------ Source material ------
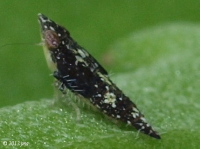 Leafhopper Nymph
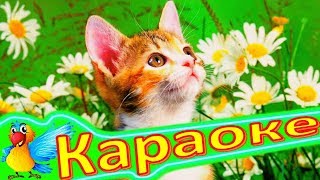 Ромашковая КОШКА! Детская ПЕСЕНКА Про КОШКУ. КАРАОКЕ Ромашковая КОШКА! Детская ПЕСЕНКА Про КОШКУ. КАРАОКЕ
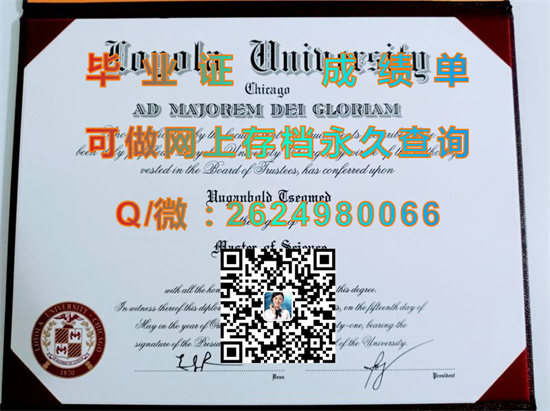 芝加哥洛约拉大学.jpg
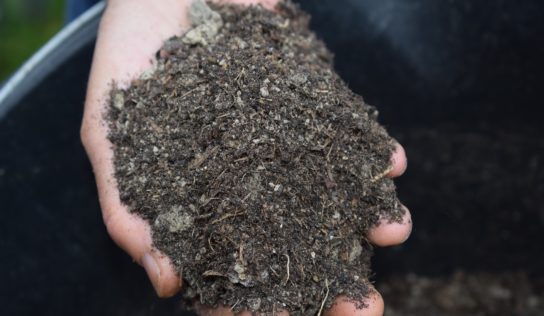 Dobrá správa pre záhradkárov: NKS ponúkajú kompost zadarmo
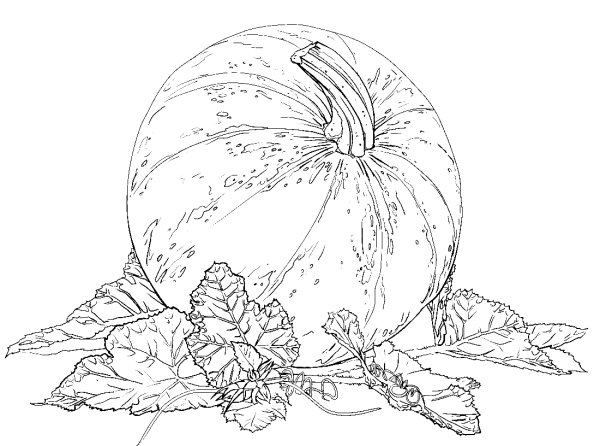 Раскраска овощи тыква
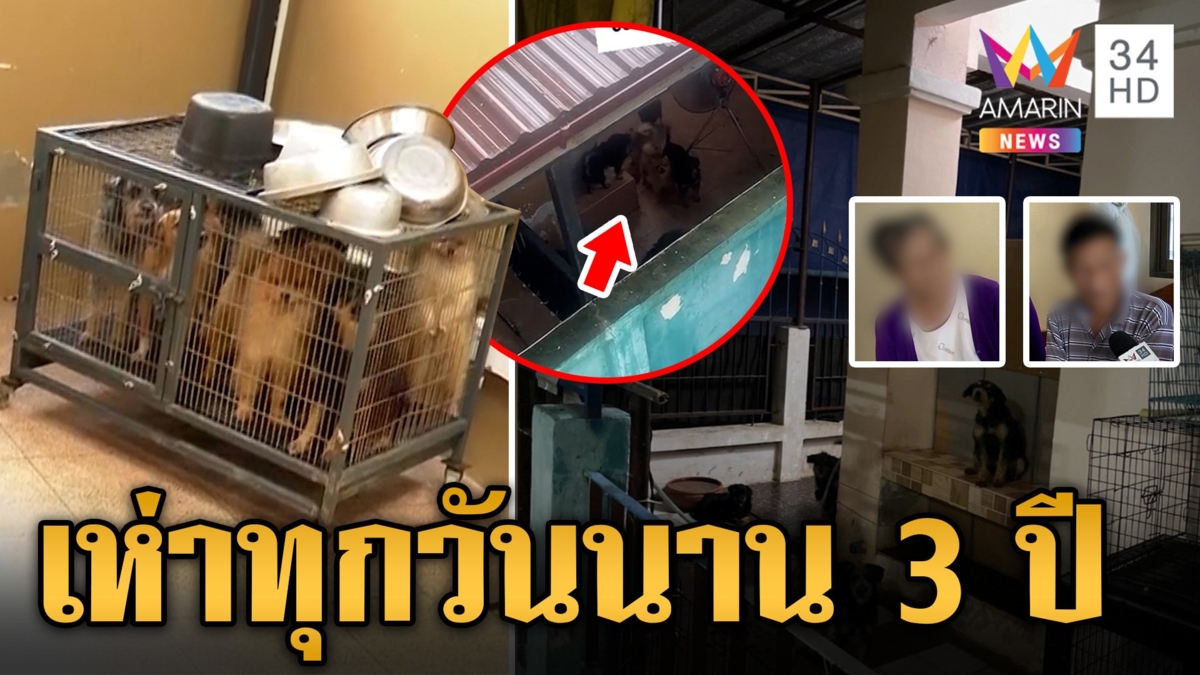 สุดทน! หมาเพื่อนบ้านเห่าทำไม่ได้นอน เจ้าของน้อมรับจ่อส่งให้หลานเลี้ยง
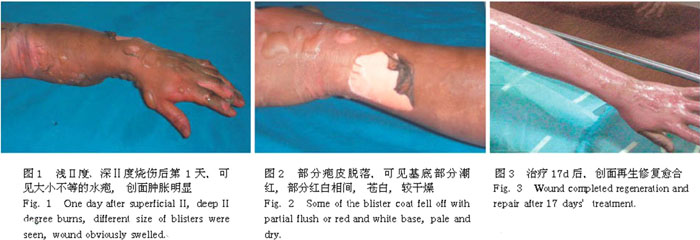 k8凯发(中国游)官方网站-APP下载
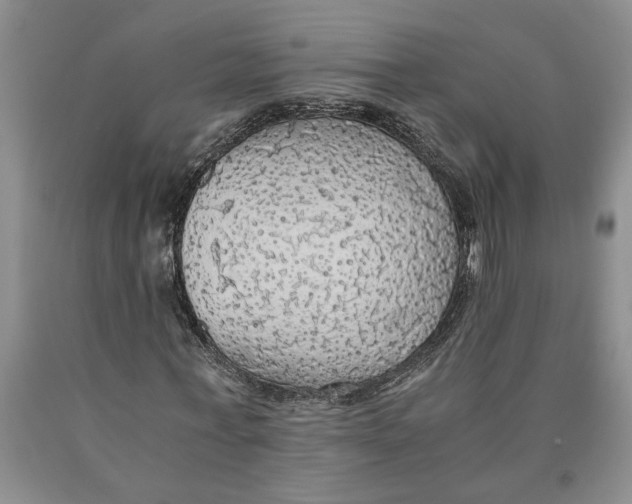 X0000089920771200707271735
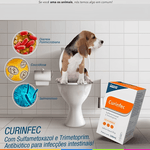 Curinfec Antibiótico Provets Para Cães e Gatos 100ml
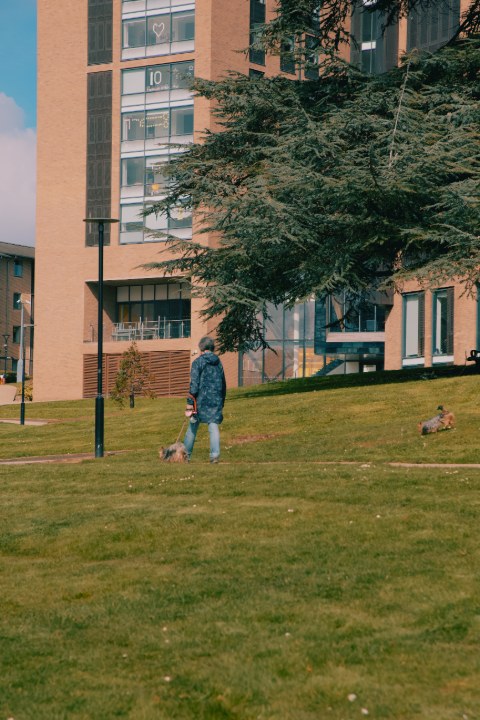 978971e1301e5f2013ad8325224e8f0cd533c4aa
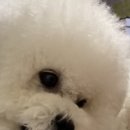 개바라기 이미지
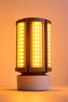Light Bulb (S13138)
------
▸ **Aim of the task**
Your copy should match the entries exactly, minus the pictures.

▸ **Output of the exercise**
 Leafhopper Nymph
 Ромашковая КОШКА! Детская ПЕСЕНКА Про КОШКУ. КАРАОКЕ Ромашковая КОШКА! Детская ПЕСЕНКА Про КОШКУ. КАРАОКЕ
 芝加哥洛约拉大学.jpg
 Dobrá správa pre záhradkárov: NKS ponúkajú kompost zadarmo
 Раскраска овощи тыква
 สุดทน! หมาเพื่อนบ้านเห่าทำไม่ได้นอน เจ้าของน้อมรับจ่อส่งให้หลานเลี้ยง
 k8凯发(中国游)官方网站-APP下载
 X0000089920771200707271735
 Curinfec Antibiótico Provets Para Cães e Gatos 100ml
 978971e1301e5f2013ad8325224e8f0cd533c4aa
 개바라기 이미지
Light Bulb (S13138)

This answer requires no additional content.